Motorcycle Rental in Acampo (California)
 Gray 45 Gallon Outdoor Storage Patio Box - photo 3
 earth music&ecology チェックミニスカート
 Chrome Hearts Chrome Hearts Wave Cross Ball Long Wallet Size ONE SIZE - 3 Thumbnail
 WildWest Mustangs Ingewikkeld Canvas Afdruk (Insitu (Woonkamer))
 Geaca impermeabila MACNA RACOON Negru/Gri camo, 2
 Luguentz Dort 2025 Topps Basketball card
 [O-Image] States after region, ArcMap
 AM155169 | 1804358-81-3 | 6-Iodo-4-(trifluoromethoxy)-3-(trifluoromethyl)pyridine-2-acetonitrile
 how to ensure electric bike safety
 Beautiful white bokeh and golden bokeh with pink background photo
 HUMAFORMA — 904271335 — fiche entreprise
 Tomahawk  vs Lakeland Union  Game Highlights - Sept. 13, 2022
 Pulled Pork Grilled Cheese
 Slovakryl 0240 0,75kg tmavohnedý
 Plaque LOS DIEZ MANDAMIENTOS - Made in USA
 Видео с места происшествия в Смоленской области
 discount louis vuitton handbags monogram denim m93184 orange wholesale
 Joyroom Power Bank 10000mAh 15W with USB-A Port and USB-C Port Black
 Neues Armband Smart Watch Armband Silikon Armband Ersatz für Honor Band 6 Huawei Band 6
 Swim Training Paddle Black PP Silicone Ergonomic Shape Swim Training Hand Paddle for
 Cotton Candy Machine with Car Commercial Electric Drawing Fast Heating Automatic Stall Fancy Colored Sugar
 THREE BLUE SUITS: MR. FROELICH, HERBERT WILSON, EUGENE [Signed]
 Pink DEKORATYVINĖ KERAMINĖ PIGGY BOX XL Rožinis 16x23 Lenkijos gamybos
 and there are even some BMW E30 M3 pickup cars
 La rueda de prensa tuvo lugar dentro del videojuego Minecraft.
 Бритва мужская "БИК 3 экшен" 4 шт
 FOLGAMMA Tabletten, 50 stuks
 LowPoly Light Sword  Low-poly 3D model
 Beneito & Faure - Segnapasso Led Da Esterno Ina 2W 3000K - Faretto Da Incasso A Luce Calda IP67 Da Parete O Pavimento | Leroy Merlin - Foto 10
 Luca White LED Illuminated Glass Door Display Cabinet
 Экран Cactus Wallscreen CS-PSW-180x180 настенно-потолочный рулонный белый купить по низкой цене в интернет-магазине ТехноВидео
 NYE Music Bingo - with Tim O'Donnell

◇ ◇ ◇ ◇ ◇

▶ _ABOUT THIS TASK_: State how many lines of the data contain the word "with". Nothing besides the number belongs in the reply.

▶ _WRITTEN REPLY_: 4